Google is now making self-driving cars and in the future it will be making self-driving people. Whereas the self-driving Google cars look the same as those made by the Ford Motors Company, the futuristic self-driving Google people will look indistinguishable from the Neolithic geniuses who invented the wheel. And just like the Google cars are not really driving themselves, the Google people won’t either. Google is driving the cars and Google will be driving the people, and Google is driven by people. As it always has been and as it always shall be, a handful of megalomaniacal people will be driving masses of other people into hopeless existence, although, this time around, hopelessness should come with grape-dispensing machines and free happy pills.

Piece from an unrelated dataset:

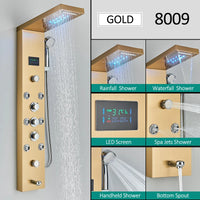 LED Shower Panel Tower System Rain Waterfall Shower Column Hydroelectricity LCD Display With Massage Body Spa Bath Shower Faucet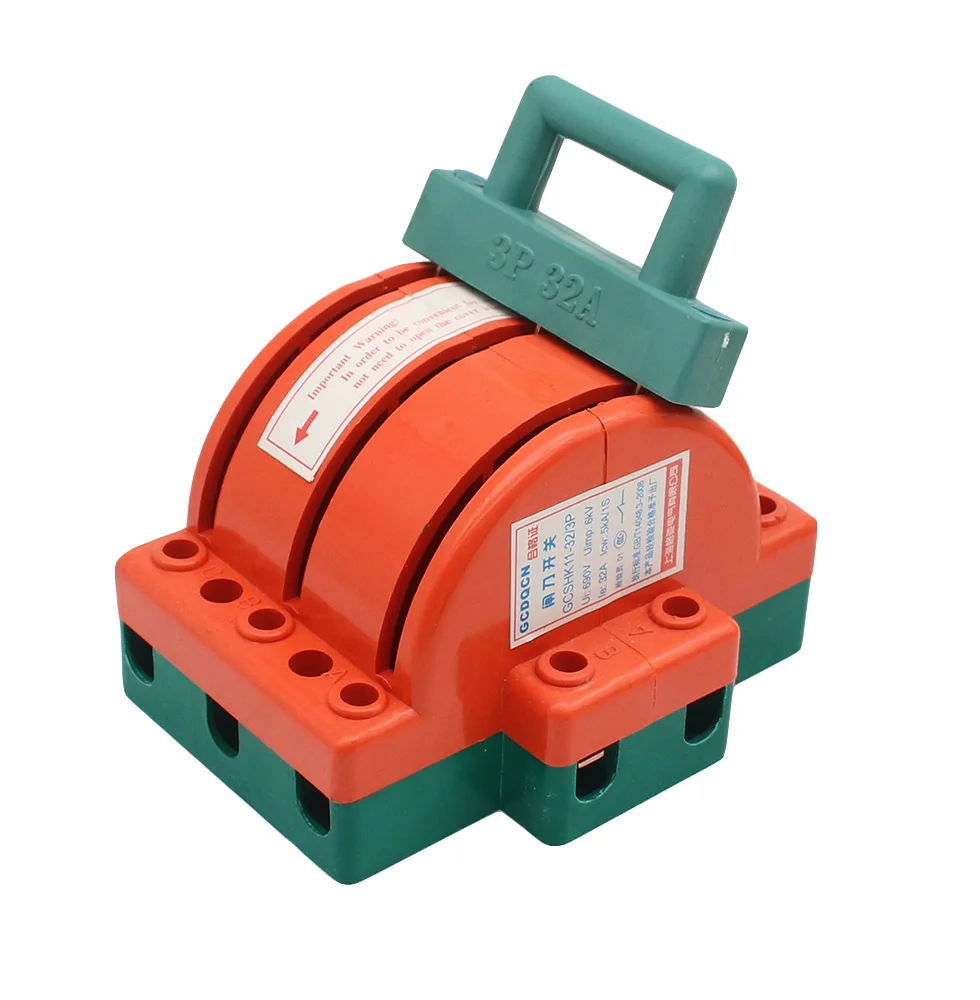 High quality 3P knife switch 32A 63A 100A 160A 225A two-phase knife switch high power 220V double throw Disconnector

Artificial intelligence is not autonomous machine intelligence. Artificial intelligence is not the fictional story of cyborgs roaming the earth. It is the story of the Wizard of Oz, the story of Stalin and Maoist reeducation, the story of Torquemada and the Dark Ages, the story of Egyptian Pharaohs and high priests clad in jewels accepting offerings from starving barefooted men while overseeing ritual sacrifices. It is the story of a cosmically inconsequential power trip that may set us back millennia instead of just centuries. At times like this, we should keep in mind that the true innovations driving humanity, and all cyclical prophecies of bliss and gloom along the way, were invented by men who were just slightly removed from apes.